Llegó el momento más esperado. Hace unos días, un aviso telefónico te sobresaltó. Era tu oportunidad. La fecha, la hora, el lugar, el tipo de vacuna. Leíste el mensaje varias veces hasta casi memorizarlo, mientras el pulso se aceleraba. Lo comunicaste a las personas más próximas y a todo conocido que se te puso por delante. Los días que restaban hasta la fecha de vacunación transcurrieron más lentos de lo normal, cada segundo avanzando perezoso mientras tus ojos pretendían descargar en el reloj la carga de la ansiedad. Tras más de catorce meses de miedos y precauciones, de abrazos y besos evitados, de viajes cancelados, de celebraciones aplazadas, se aproximaba el instante en el que casi todo podría comenzar a revertirse. Un casi que sostenía lo inevitable: el recuerdo de quienes se habían marchado, atrapados por una cruel enfermedad, cuyos ataques habían puesto a prueba la arrogancia del ser humano: la que le conducía a creer que todo lo tenía controlado o que todo era dominable. Una temeraria seguridad que había ensanchado su alejamiento de la naturaleza, como si el ser humano ya se hubiera desprendido de sus vínculos con ésta; como si sus actos, amparados por dioses tecnológicos omnipotentes, pudieran subyugar las fuerzas, equilibrios y formas de vida del planeta.

Ahora, todas las personas habían conocido el límite de su poder y la vacuidad de la prepotencia. Una gran lección si no fuese porque el poder del raciocinio y la visceralidad separa y conforma diferentes colectivos humanos. Entre éstos, aquéllos que, pese a toda la evidencia disponible, encuentran en la irracionalidad su principal fuente de dominación. Gente que manipula conceptos tan nobles como el de la libertad, olvidando que en un tejido social pacífico tu libertad termina allá donde se inicia el perímetro de la mía. Que la renuncia al cuidado de tu propia salud perjudica a ésta y amenaza a la de los demás. Que el derecho a vivir de ambos es básico porque cuando se agota no hay modo de recargarlo, mientras que el derecho a circular, consumir y divertirse es recuperable y susceptible de muy diversas intensidades.

El nuevo ánimo que te proporciona la expectativa de la vacuna tampoco te impide considerar que la rigidez de la naturaleza humana, incluso frente a ‘shocks’ compartidos como el de la pandemia, apenas ha conseguido conmover la insolidaridad que separa a los distintos países y pueblos. En unos, buenos recursos sanitarios y poderes científicos capaces de cazar al coronavirus rápidamente; en otros, hospitales inexistentes, médicos bajo mínimos y vacunas sólo a disposición del mejor postor. Cuando transcurra algún tiempo, surgirá una narrativa que querrá explicarlo y justificarlo. Una cadena de motivos que obviará el más esclarecedor: la todavía inexistente presencia de valores de justicia compartidos y aplicados universalmente. Una explicación incómoda para los propagadores de dogmas que, revestidos de apariencia científica, sostienen que la transformación en positivo del mundo que nos ha correspondido vivir corresponde al universo de la fabulación, de las quimeras ingenuas, del cándido buenismo. Así lo proclaman los apóstoles de los nuevos fanatismos, de las fes laicas inmovilistas.

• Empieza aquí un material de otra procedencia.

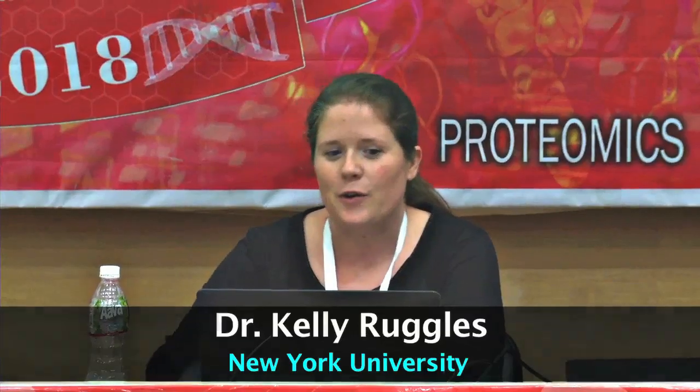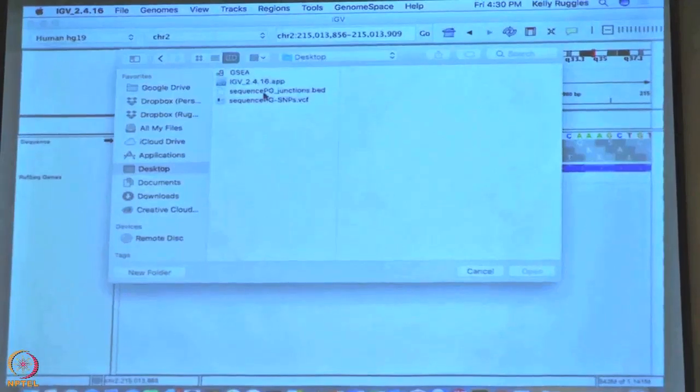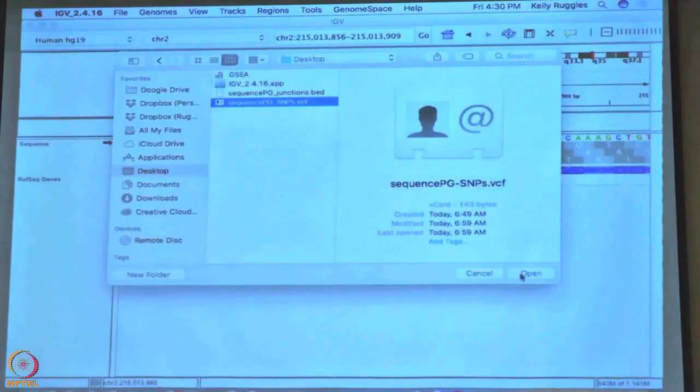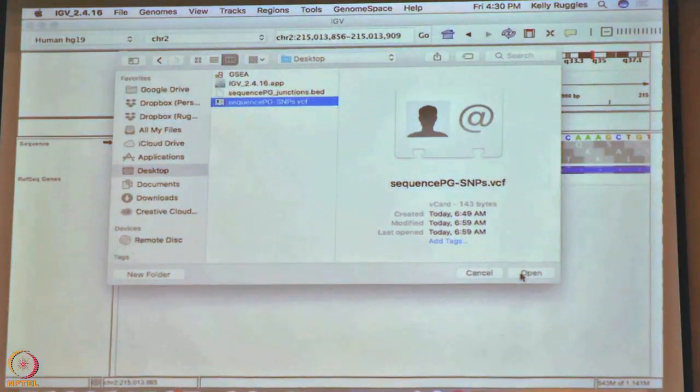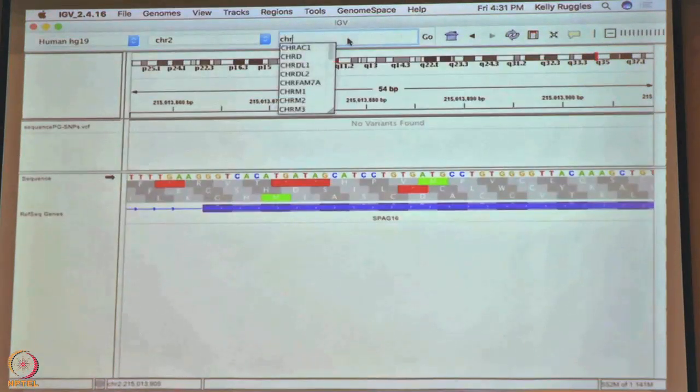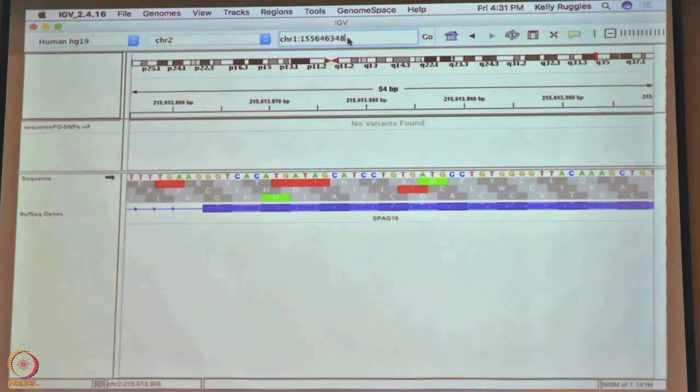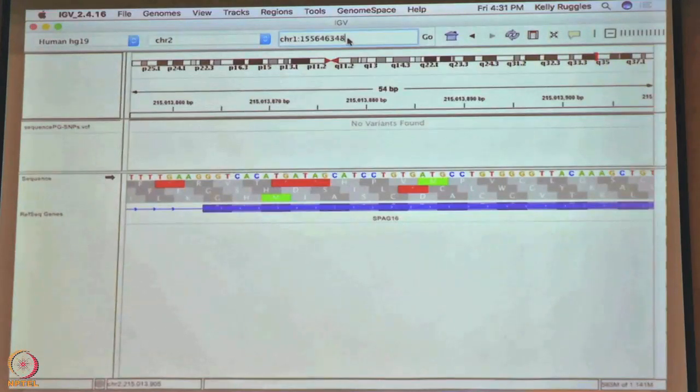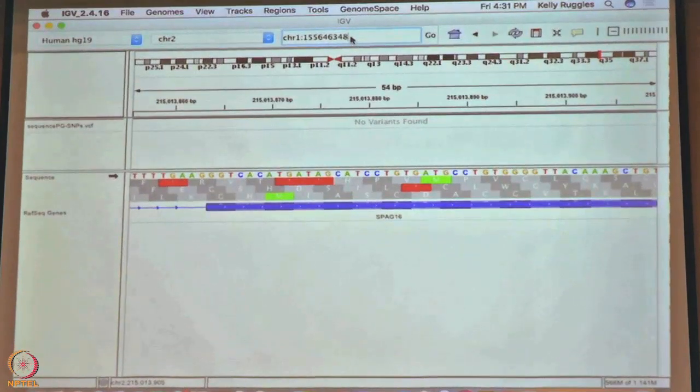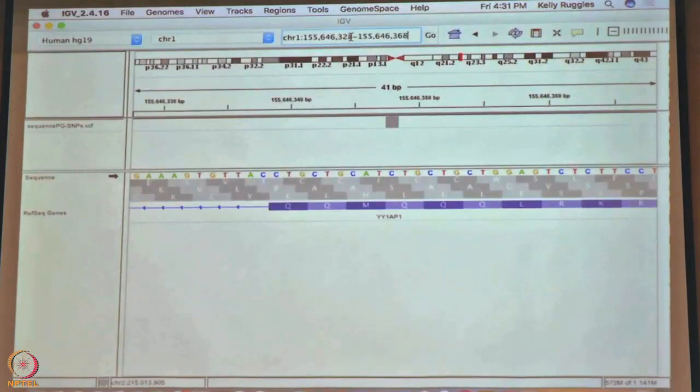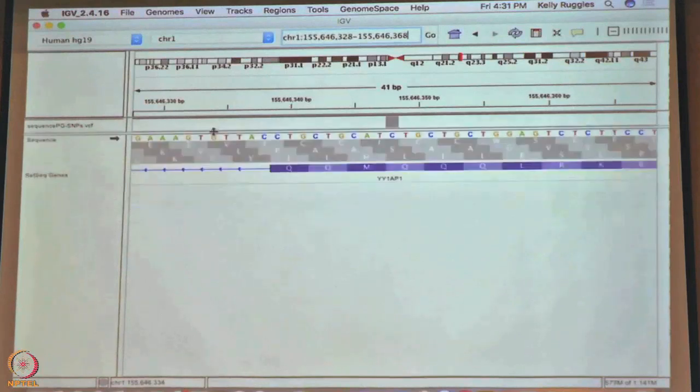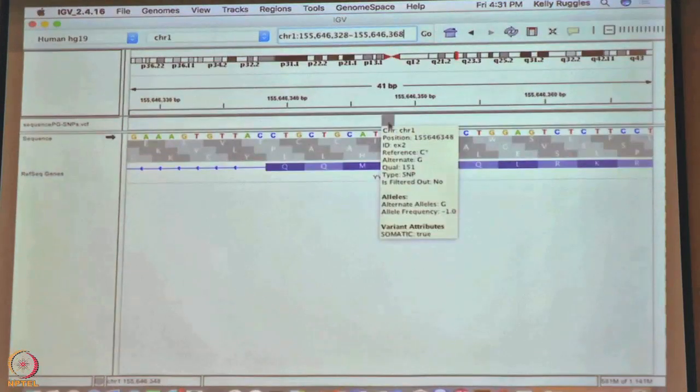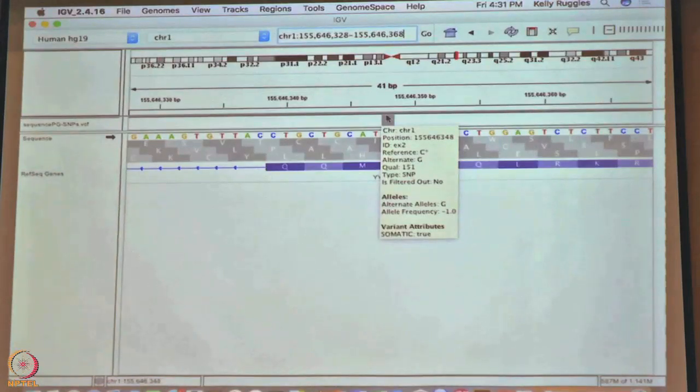You should have your VCF and your bed files ready to go. Go to load from file and then pick your VCF file. It should be sequence PG dash snips dot VCF. You will want to put in the example location of the second snip which is chromosome 1 and then 155-646-348. You will click on that and it should bring you to that location. You will see here that I have a gray box at that exact location, indicating that based on the VCF file we uploaded, the snip is in the same location as that VCF file.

La reflexión se interrumpe. Hoy es el día anunciado. El Museo de las Ciencias te descubre un extenso hangar plagado de ‘boxes’ de vacunación y de sillas para el tiempo de espera. El ritmo es rápido. La organización, impecable. Las enfermeras y administrativas que observas de cerca se manifiestan acogedoras, próximas. Arrobas de humanidad que neutralizan cualquier temor al inyectable. En un abrir y cerrar de ojos has terminado y ahora aguardas a que transcurran los quince minutos de observación. Caras relajadas. Charlas improvisadas. Desde este momento, en ti se están produciendo transformaciones fantásticas. No las sientes, pero están ahí, despertando de su modorra a las facultades curativas de tu cuerpo para darles un rápido curso de actualización.

Fuera, el estanque de la obra de Calatrava se encuentra especialmente animado, reflejando las sonrisas de quienes ya han abandonado el Museo de las Ciencias. Las familias se reencuentran. La brisa del mar os empuja y acerca. Sí, tienes ganado el derecho a degustar el sabor de la tranquilidad, pero también a sostener un pequeño deber: guardar, en la memoria y en la conciencia, la singularidad de una pandemia que, al resaltar nuestras carencias comunes, merece que actualicemos el obsoleto concepto de normalidad que conocíamos para reescribir la secuencia de valores civilizatorios que reclama este tiempo de profundas agitaciones. Lejos de los intransigentes vociferantes, cerca de los razonadores ecuánimes.